Question

making estimated proteome from genome

0

Entering edit mode

5 hours ago

dec986 ▴ 380

I have a massive genome (onion): GCA_030765085.1_ASM3076508v1

I attempted to make a blast database with makeblastdb, but it seems to have failed, as the genome is too large. So I figured that using a proteome is necessary.

However, NCBI doesn't provide a proteome, so I need to make my own.

I've asked a similar question before: how to make estimated proteome from genome? but none are working

A. I have tried Augustus:

    augustus --species=arabidopsis GCA_030765085.1_ASM3076508v1_genomic.fna > GCA_030765085.1_ASM3076508v1.augustus.arabidopsis.faa
    augustus: error while loading shared libraries: libboost_iostreams.so.1.85.0: cannot open shared object file: No such file or directory

B. prodigal:

    prodigal -i GCA_030765085.1_ASM3076508v1_genomic.fna -o GCA_030765085.1_ASM3076508v1.prodigal.protein.faa
    -------------------------------------
    PRODIGAL v2.6.3 [February, 2016]         
    Univ of Tenn / Oak Ridge National Lab
    Doug Hyatt, Loren Hauser, et al.     
    -------------------------------------
    Request:  Single Genome, Phase:  Training
    Reading in the sequence(s) to train...

    Warning:  Sequence is long (max 32000000 for training).
    Training on the first 32000000 bases.

    31990000 bp seq created, 41.21 pct GC
    Locating all potential starts and stops...1453037 nodes
    Looking for GC bias in different frames...frame bias scores: 1.60 0.44 0.96
    Building initial set of genes to train from...done!
    Creating coding model and scoring nodes...done!
    Examining upstream regions and training starts...done!
    -------------------------------------
    Request:  Single Genome, Phase:  Gene Finding
    Sequence too long (max 32000000 permitted).

C. ExPasy but I can't use that on a website, I need CLI

D. GeneMark but I don't know how to install that on a system that I don't have root permission for

The only thing that I can think of is to use prodigal on each of the 2099 individual contigs, and then combine them later.

What is the best approach to generate a proteome from an enormous genome when the proteome is not available from NCBI?

NCBI • 72 views

ADD COMMENT • link updated 1 hour ago by Mensur Dlakic ★ 28k • written 5 hours ago by dec986 ▴ 380

0

Entering edit mode

The only thing that I can think of is to use prodigal on each of the 2099 individual contigs, and then combine them later.

If it works then go for that. Use combinations of more than one contig and make sure the length stay below 32000000 for each input.

ADD REPLY • link 4 hours ago by GenoMax 147k

score 0 · Answer 1 · 2024-11-21

Prodigal is for prokaryotic gene prediction.

I attempted to make a blast database with makeblastdb, but it seems to have failed, as the genome is too large. So I figured that using a proteome is necessary.

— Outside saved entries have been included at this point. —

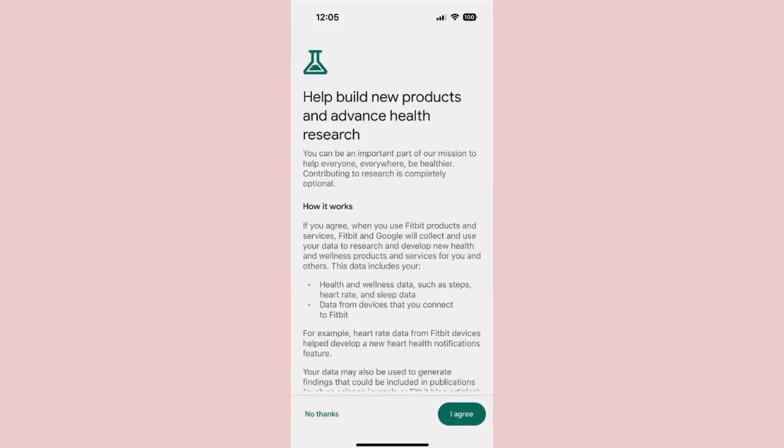Step 8: You'll then be shown a screen that asks if you want to let Google and Fitbit use your health data to research and develop new health and wellness products and services. Press I Agree or No Thanks depending on how you feel about Google and Fitbit using your data. You'll then be brought back to the main Fitbit screen, and you should see your Google profile picture in the upper right corner. Now you're ready to add the Fitbit Charge 6 or any other Fitbit device to your account.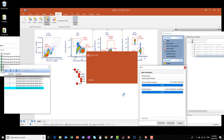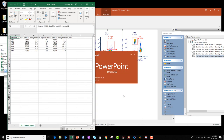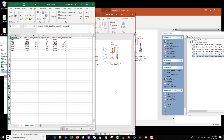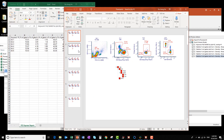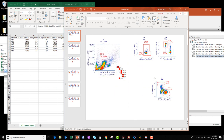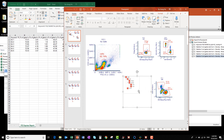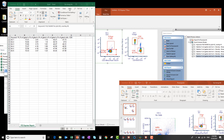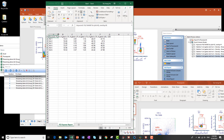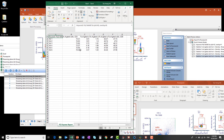When the batch process is complete, both files will open automatically. In the PowerPoint file, the gated data from each file is shown on its own slide. You can resize and move the plots around anywhere you'd like on your PowerPoint slides. You can also do this for the population hierarchy — resize it and move it anywhere you'd like for your presentation. In the Excel file, you can see a column was generated for the file name keyword and each of the statistics I specified, with data from each of my six FCS files across the rows.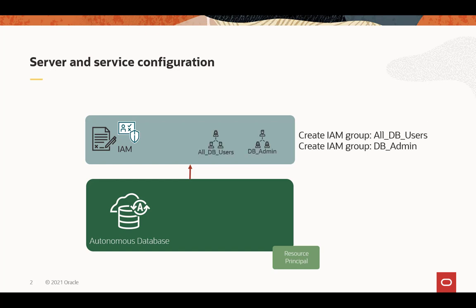Once you do that, you need to create groups in IAM that will match to shared schemas in the Autonomous Database and or global roles in the Autonomous Database. In this use case, we're going to have a DBA that's going to access a shared schema with all other users, and it's going to have extra privileges because this user is a DBA, and that'll be through another group called DBAdmin.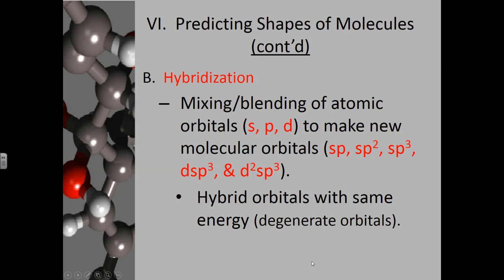This lesson is going to focus on hybridization and the role that it plays in predicting the shapes of molecules. Hybridization refers to when you have a mixing or a blending of atomic orbitals.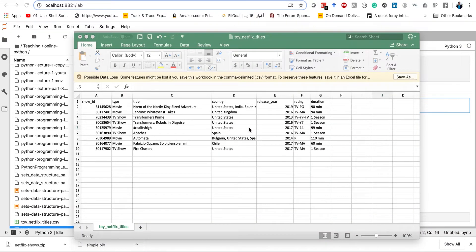Hello everyone. We've been learning about Python data structures covered in class, some of which were tuples, lists, dictionaries, and sets. Today the purpose of this class is to show you how we can utilize all these data structures together, putting them all in just one program and see how we can make sense of them.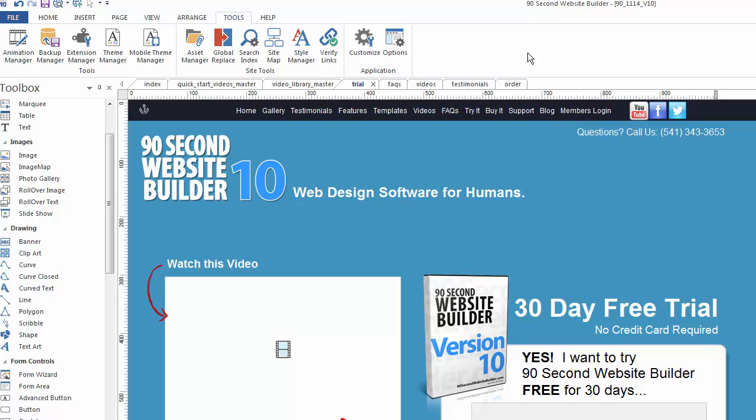Because it's a really essential part of designing your website to be able to look at what you're doing before you actually publish, but still see it in a browser window. It's a really critical part of the design process and something you should get used to doing as you're building websites in 90 Second Website Builder.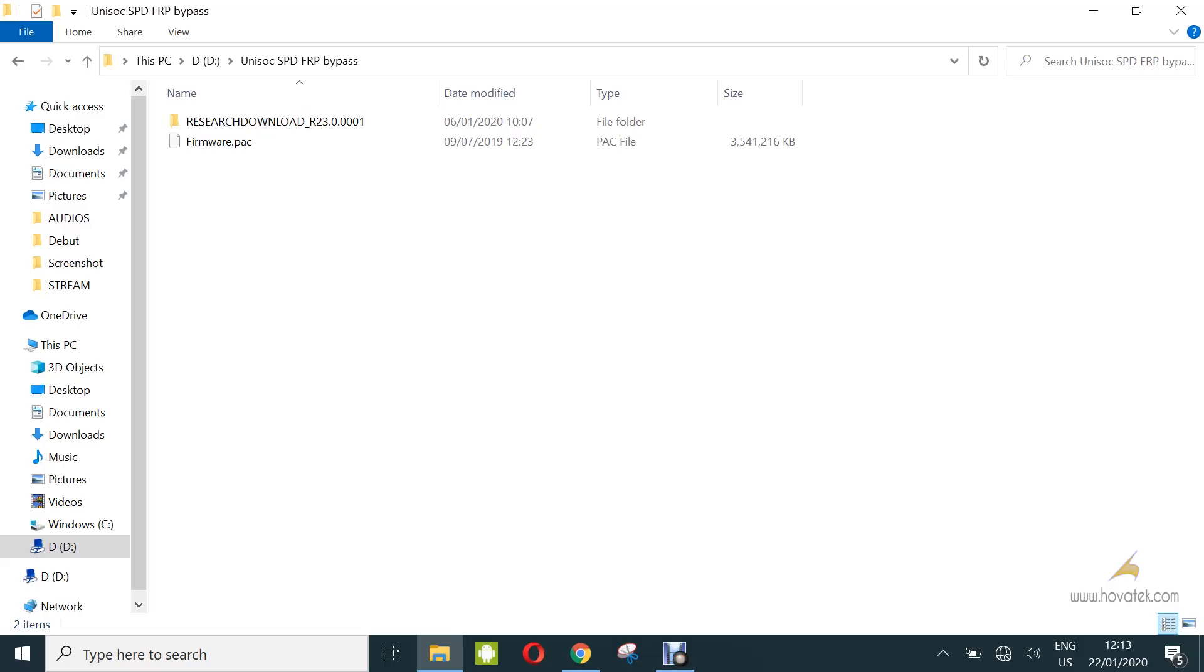In this video tutorial, I'll be explaining how to bypass factory reset protection or FRP on a Unisoc or Spreadtrum Android device using the reset download tool.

I suggest you get a more recent version of makeblastdb (try makeblastdb -version). It is a warped logic, to say the least, that predicting a eukaryotic proteome will be a better choice than figuring out how to make a genome BLAST database.

What is the best approach to generate a proteome from an enormous genome when the proteome is not available from NCBI?

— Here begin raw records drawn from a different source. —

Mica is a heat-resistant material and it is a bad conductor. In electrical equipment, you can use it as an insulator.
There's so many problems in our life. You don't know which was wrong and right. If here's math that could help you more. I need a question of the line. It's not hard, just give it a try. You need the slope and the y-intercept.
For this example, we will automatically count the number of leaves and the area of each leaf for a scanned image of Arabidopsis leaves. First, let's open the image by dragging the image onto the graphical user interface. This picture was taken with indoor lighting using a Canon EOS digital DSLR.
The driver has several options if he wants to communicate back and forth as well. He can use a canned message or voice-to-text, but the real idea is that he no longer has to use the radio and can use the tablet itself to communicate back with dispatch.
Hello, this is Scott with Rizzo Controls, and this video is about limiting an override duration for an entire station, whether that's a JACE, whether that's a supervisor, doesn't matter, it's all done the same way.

This is a non-trivial task, even for people who know what they are doing. It is not something that can be done at the snap of fingers: it requires knowledge, appropriate software and resources. My advice is to focus on creating a BLAST database. You may have to specify larger database size with makeblastdb, something like -max_file_sz 5GB or -max_file_sz 10GB.